§ **DIRECTIONS**:
Write out every line exactly, from the first line of the records below through the line that contains "School Custodian Appreciation Day".

§ **PROVIDED INFORMATION**:
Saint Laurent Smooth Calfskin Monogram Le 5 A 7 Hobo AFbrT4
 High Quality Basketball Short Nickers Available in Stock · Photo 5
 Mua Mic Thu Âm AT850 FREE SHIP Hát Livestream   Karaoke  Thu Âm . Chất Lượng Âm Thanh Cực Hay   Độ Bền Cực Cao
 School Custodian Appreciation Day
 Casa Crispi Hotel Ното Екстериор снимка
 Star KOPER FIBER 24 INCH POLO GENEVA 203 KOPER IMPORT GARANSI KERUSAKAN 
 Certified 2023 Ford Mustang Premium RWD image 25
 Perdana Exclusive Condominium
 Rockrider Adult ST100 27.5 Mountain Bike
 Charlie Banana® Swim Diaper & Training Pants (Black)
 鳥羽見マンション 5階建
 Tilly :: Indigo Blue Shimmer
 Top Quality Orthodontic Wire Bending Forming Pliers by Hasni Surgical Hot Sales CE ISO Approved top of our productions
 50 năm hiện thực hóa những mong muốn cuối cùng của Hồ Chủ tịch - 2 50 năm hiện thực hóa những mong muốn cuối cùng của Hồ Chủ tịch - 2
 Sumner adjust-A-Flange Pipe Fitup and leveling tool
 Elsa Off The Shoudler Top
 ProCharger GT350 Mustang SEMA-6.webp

§ **SOLUTION TO THE EXERCISE**:
Saint Laurent Smooth Calfskin Monogram Le 5 A 7 Hobo AFbrT4
 High Quality Basketball Short Nickers Available in Stock · Photo 5
 Mua Mic Thu Âm AT850 FREE SHIP Hát Livestream   Karaoke  Thu Âm . Chất Lượng Âm Thanh Cực Hay   Độ Bền Cực Cao
 School Custodian Appreciation Day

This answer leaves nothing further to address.